Friday, August 31, 2007

The Howard Bison's 'Micromanager of Discipline'


By Kathy Orton, Washington Post Staff Writer

Bailey Stresses Details As He Tries to Reverse Howard's Fortunes

Howard center Travis Harmon sat with his teammates waiting to meet Coach Carey Bailey for the first time. They were nervous and scared, wondering what their new coach would be like. Bailey walked into the room, took one look around and began to speak.

"His first words were, 'Sit up before you all make me angry,' " Harmon said. "He had our attention from then on."
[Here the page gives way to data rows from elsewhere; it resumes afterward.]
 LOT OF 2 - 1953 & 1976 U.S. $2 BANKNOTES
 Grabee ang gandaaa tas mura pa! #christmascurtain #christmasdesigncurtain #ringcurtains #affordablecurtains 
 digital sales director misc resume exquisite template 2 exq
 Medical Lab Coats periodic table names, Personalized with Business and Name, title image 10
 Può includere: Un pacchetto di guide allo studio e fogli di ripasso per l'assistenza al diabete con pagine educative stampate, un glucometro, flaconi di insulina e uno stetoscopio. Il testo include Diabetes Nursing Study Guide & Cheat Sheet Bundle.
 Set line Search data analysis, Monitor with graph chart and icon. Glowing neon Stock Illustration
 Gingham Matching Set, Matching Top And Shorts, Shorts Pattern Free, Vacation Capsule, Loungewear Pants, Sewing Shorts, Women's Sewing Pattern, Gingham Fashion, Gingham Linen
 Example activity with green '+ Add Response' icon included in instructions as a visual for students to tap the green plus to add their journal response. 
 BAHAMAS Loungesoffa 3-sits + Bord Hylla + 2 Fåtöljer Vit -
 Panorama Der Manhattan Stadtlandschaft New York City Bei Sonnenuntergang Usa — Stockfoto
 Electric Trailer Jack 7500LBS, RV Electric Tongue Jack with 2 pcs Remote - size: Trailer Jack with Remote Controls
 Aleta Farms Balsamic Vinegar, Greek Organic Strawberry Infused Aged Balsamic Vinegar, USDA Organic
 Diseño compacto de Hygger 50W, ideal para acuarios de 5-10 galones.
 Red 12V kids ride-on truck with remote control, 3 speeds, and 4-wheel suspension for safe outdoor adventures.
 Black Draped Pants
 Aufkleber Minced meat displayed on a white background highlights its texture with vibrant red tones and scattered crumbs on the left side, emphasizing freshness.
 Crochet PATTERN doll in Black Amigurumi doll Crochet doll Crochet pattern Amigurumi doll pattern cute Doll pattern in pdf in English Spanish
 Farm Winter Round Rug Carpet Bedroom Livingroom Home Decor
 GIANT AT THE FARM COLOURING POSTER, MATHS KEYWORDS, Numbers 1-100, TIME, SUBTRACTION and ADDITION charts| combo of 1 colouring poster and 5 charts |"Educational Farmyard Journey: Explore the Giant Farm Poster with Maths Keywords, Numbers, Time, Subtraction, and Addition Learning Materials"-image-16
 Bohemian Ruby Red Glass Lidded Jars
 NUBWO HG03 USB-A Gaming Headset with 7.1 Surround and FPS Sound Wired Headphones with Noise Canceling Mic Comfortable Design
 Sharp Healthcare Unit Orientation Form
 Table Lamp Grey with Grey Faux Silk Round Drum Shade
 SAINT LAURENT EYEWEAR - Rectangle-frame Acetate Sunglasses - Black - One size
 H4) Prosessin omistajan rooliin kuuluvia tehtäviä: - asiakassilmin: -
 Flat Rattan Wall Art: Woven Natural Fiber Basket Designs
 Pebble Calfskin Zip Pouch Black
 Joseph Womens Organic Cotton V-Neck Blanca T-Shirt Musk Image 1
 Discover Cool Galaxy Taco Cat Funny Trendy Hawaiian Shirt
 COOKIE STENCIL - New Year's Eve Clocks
Ask any Howard player to pick one word to describe Bailey, and they all will pick the same one: disciplined. Since arriving on campus in February, the 38-year-old native of Morgantown, W.Va., has brought organization and structure to the Bison. These days at Howard, you aren't on time unless you are early, and if it isn't done right the first time, it's going to be done again until it's done right.

"I consider myself a micromanager of discipline," Bailey said. "I'm just a steadfast believer that if you're a disciplined football team, then you will not allow the game to beat you, but you can beat the game."

Bailey, whose 14 years as an assistant coach have taken him to West Virginia, VMI, Louisiana-Lafayette, Middle Tennessee State, Oklahoma State and most recently Minnesota, is the kind of guy who eats his chicken first, then his rice, then his peas. He's not going to go back and forth between the chicken and the rice. He craves order and stability, and he's working to impart those qualities on his new team. He doesn't want to see players slouching in their chairs with their feet up. He wants them focused and attentive.

"We're going to focus on the little things," linebacker Endor Cooper said. "The little things are what separated us from being 8-3 to being what we were, 5-6."

When Bailey replaced Ray Petty, whose contract was not renewed after he went 25-30 in five seasons, he reviewed the film from Howard's games last season. What stood out most to him was how close the Bison were to being a successful team.

Take the homecoming game against Morgan State, which Howard lost 18-12. The Bison had first and goal inside the Bears 1-yard line in the second overtime. Push the ball across the goal line, and their six-game Mid-Eastern Athletic Conference losing streak would be over. Instead, they fumbled away the ball, which was scooped up by Morgan State and returned for a touchdown. Howard went from a confidence-boosting win to a devastating loss within moments.

"It just seemed to me that there's good players, good talent, guys were coached up well, but in terms of the little itty-bitty things, other teams were not beating them, the game was beating them," Bailey said. "You're in a drive. Things are going well. It's first and 10, and somebody jumps offside. Now it's first and 15. So rather than being second and medium or short, now you're still second and long. Defensively, a guy makes a great play, sacks the quarterback, but he has a hand on a face mask. That's a five-yard penalty. Now it's first and five. Things like that, from a self-discipline standpoint, can cost you the game."

Bailey wants to eliminate the mental lapses that prevented Howard from being among the top teams in the MEAC, but he also wants to build team cohesiveness. To that end, he encouraged the players to spend more time with one another this past summer.

"It's been a smooth transition from the coaching standpoint, but it's been a really big transition in the team," defensive back Thomas Claiborn said. "You can definitely see the difference in team chemistry. Our mind-set is different."

Bailey calls it "yarn-ball camaraderie." A single skein turns into a greater force when wound into a tight sphere.

"I tell these guys this: 'You don't play for me.' " he said. "They don't play for me. They don't play for Howard. They don't play for the [athletic director], the president or the alumni. They play for each other . . . for the guys [they] eat, sleep, live, hang out with, play Xbox with, go home for Thanksgiving with. I'm doing this for you. You're doing this for me. Together we do it for everybody. That's the mind-set you have to have to be successful."